É desta época a notícia de uma curiosa festa brasileira, promovida por Nassau nos jardins e salões de sua residência, a Mauritshuis, na presença de nobres e embaixadores acreditados junto aos Países Baixos. Da crônica da vida diária da Holanda são freqüentes os comentários sobre esta festa, segundo se depreende da correspondência de muita gente famosa que descreve a festa brasileira com riquezas de detalhes.
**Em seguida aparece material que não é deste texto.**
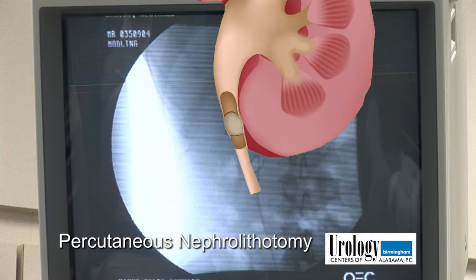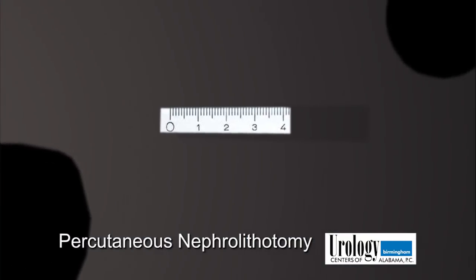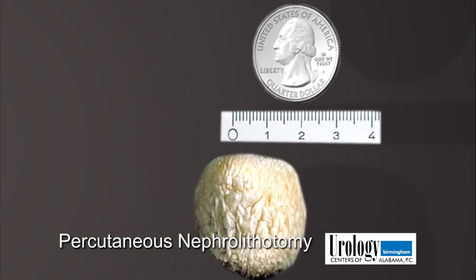He has a three centimeter stone in the right renal pelvis that we'll be doing the percutaneous procedure on today. You couldn't pass that stone and it's too big to do lithotripsy, where you break it and try to fragment it. It's much too large for that.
A nota de curiosidade da festa ficou por conta da apresentação da dança guerreira dos tapuias, nos mesmos moldes da que foi eternizada em tela por Albert Eckhout.
Na ocasião o Conde de Nassau fez apresentar os onze índios, que o acompanharam na sua viagem de regresso do Brasil, completamente despidos que com as suas setas e bordunas realizaram a dança ritual.
Assinala Besselaar que, “entre os convidados se achavam vários predicantes com suas esposas. Para alguns, a representação foi um grande escândalo e, justamente por ser motivo de escândalos para alguns, foi motivo de grande hilaridade para outros”.